How does the algorithm work:
KNN: K Nearest Neighbours, is one of the simplest Supervised Machine Learning Algorithm which is mainly used for classification. It classifies a data point based on how its neighbours are classified. It works on the 'Distance' principle.
KNN is based on Feature Similarity. The 'K' refers to the number of neighbours we want to include in the Majority of the process
In the diagram, if we choose K = 3, then the '?' will be labelled as Square since the in circle K=3, the squares are in majority. If we choose K=7, then '?' will be Triangle since Triangles are in Majority in K=7.
The distance between two points is calculated by Euclidean Distance for Continous variables. For Categorical variables, Hamming Distance is used.
To choose K (for a starting point):
- Take the Square root of n where n is the total number of data point
- Take an odd value of K
When choosing the value of K, keep in mind that if value of K is too small, neighborhood is sensitive to noise points and if the value of K is too large, neighborhood may include points from other classes
Feature Scaling
Feature Scaling is of prime importance to ensure that one featture doesn't overshadow the other feature. Any algorithm which considers distance, has to be scalled. KNN is no exception to this.
For example: If there are three varibales - Age (10-100 years), Weight (10-120kg), Salary (3,00,000 - 30,00,000 INR). In this case, more of the clusters will be generated based on the last feature i.e. Age. To avoid this miss-classification, we shoud normalize the feature variables.
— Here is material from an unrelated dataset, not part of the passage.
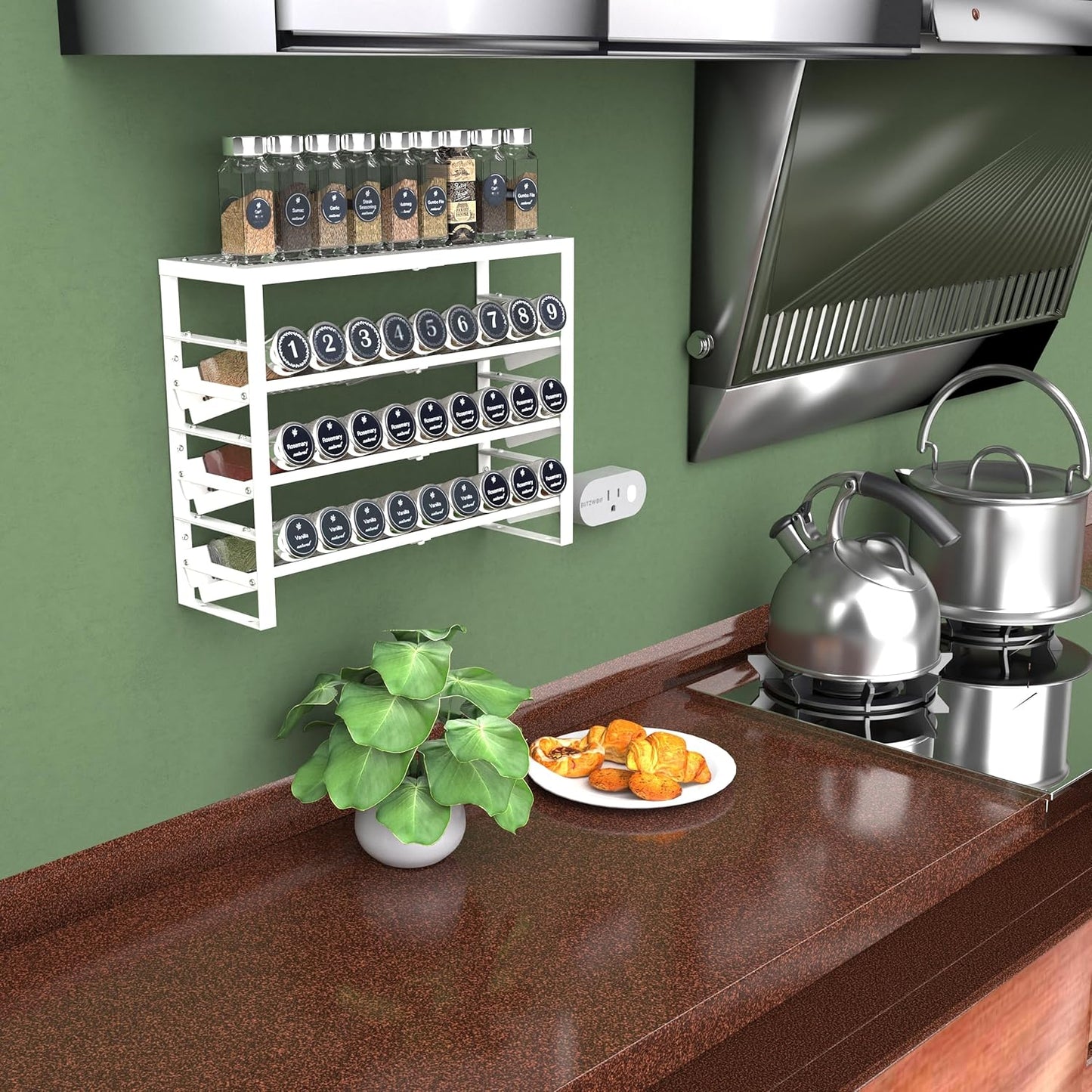 Expandable, Stackable, Adjustable Spice Rack kitchen Organizer,Metal Pantry Storage Shelves - Multi-Tier Shelf for Cabinet, Countertop, Pantries, Cupboard or Wall Mount,White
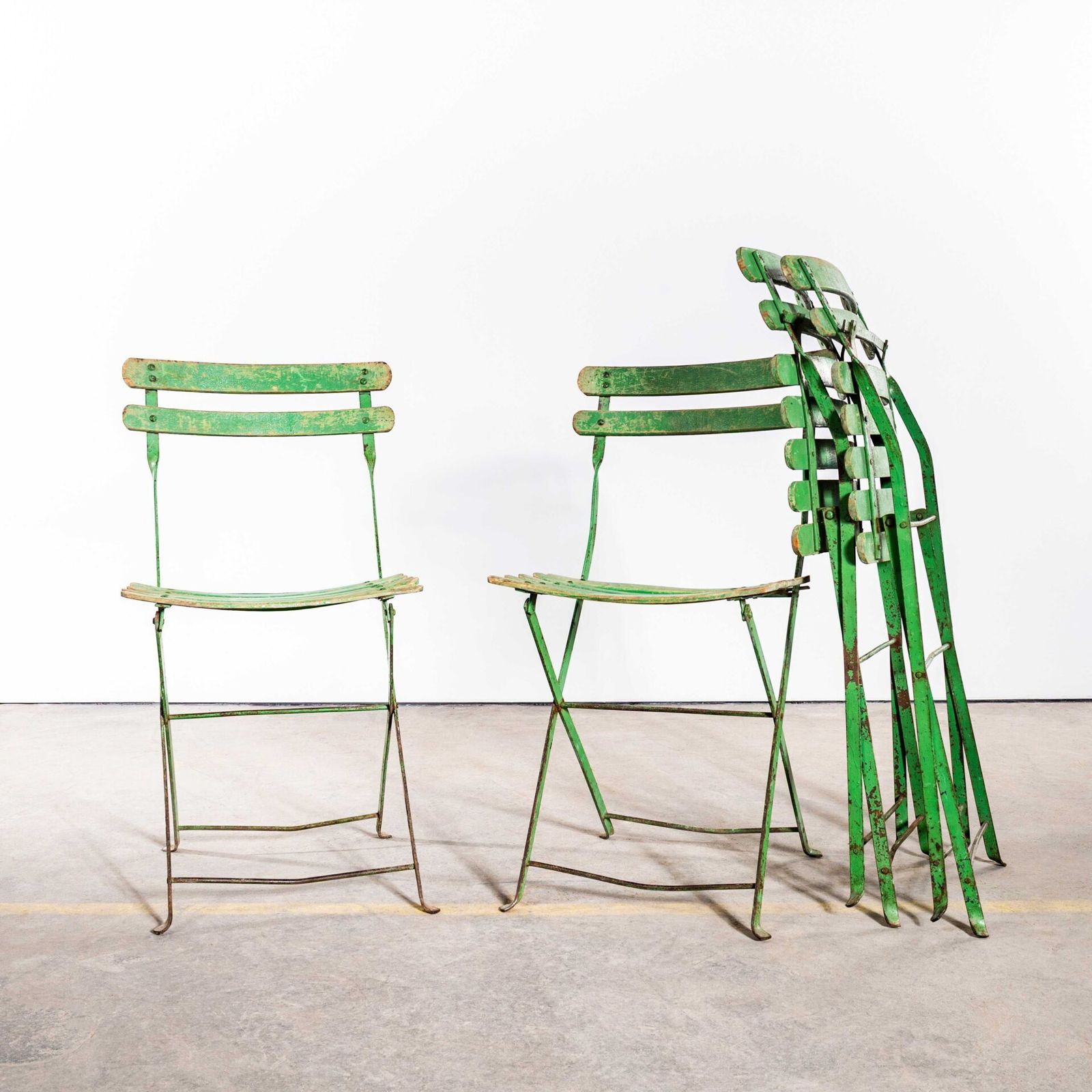 1950’s Slatted Green French Outdoor Folding Chairs – Good Quantity Available photo vinterior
Any algorithm where distance plays a vital role for prediction or classification, we need to do Feature Scaling.
Algorithm in R:
For KNN, install the package "Class" in R. In R, we can train and test both in the same line.
Steps to be followed:
1. Split the data into Testa and Train
2. Feature Scale
3. Fit KNN to the training dataset and predict the test set
4. Model Evaluation - Choosing the Right K (Parameter Tuning)
Challenges with KNN
- Scaling issue which can be overcome by doing feature scaling
- Choosing the Right K (Mostly take an odd number for the value of K)